**Records shown:**
________________
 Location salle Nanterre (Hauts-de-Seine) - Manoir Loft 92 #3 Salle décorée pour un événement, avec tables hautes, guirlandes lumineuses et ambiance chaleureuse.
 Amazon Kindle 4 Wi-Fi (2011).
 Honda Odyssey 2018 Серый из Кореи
________________
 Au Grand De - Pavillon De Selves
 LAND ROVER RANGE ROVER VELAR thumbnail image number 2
________________
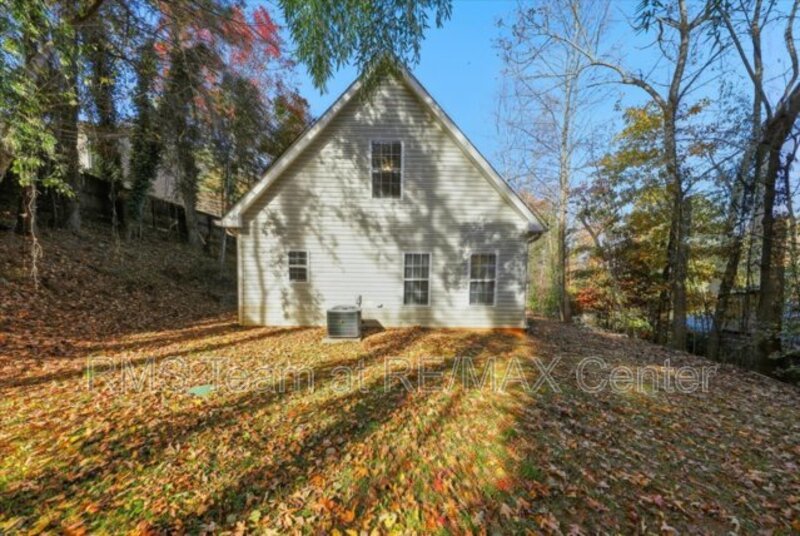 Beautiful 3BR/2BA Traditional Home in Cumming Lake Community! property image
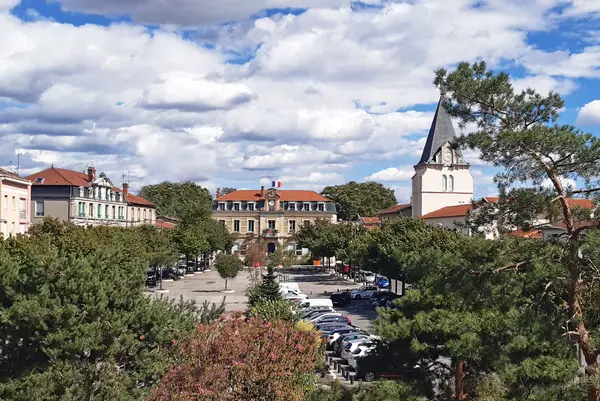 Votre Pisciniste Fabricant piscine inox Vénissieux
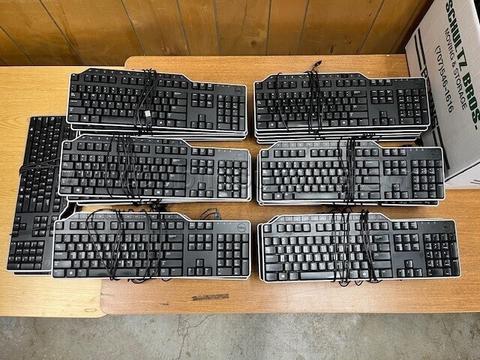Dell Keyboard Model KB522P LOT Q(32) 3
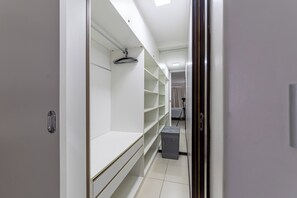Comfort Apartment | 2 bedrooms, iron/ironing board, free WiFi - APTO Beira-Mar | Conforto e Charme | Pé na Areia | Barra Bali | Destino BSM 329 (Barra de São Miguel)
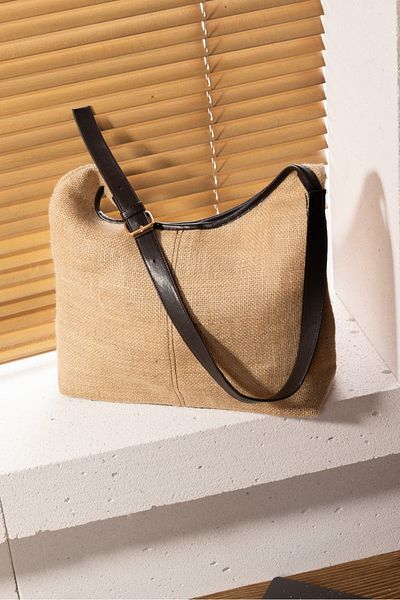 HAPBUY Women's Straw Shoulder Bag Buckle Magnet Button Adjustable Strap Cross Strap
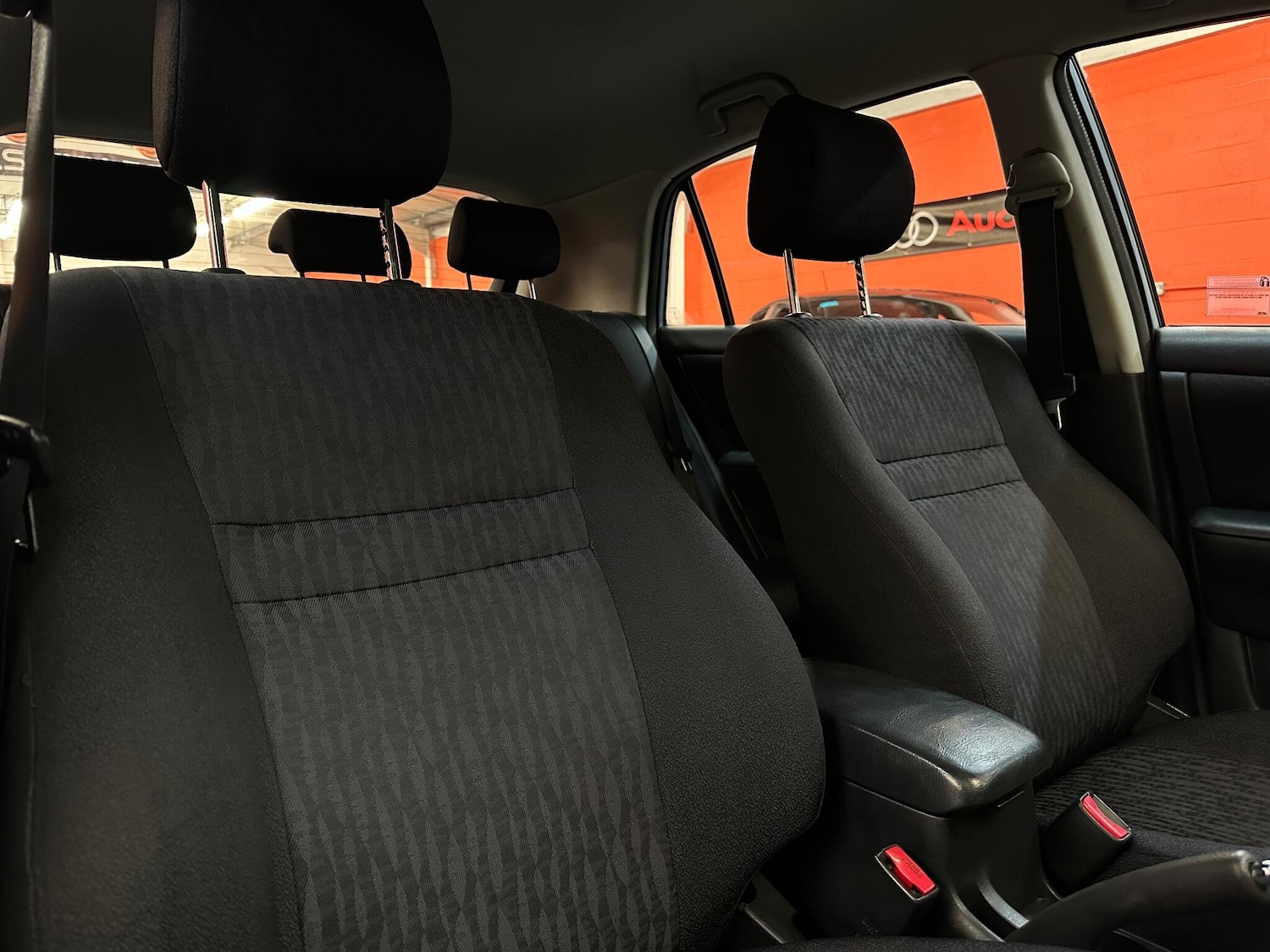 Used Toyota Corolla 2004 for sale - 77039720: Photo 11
________________
**Aim of the exercise:**
Everything from the line above that contains "HAPBUY Women's Straw" down to the line that contains "Used Toyota Corolla" must be reproduced exactly, both ends included. Omit the pictures.

**Finished task:**
 HAPBUY Women's Straw Shoulder Bag Buckle Magnet Button Adjustable Strap Cross Strap
 Used Toyota Corolla 2004 for sale - 77039720: Photo 11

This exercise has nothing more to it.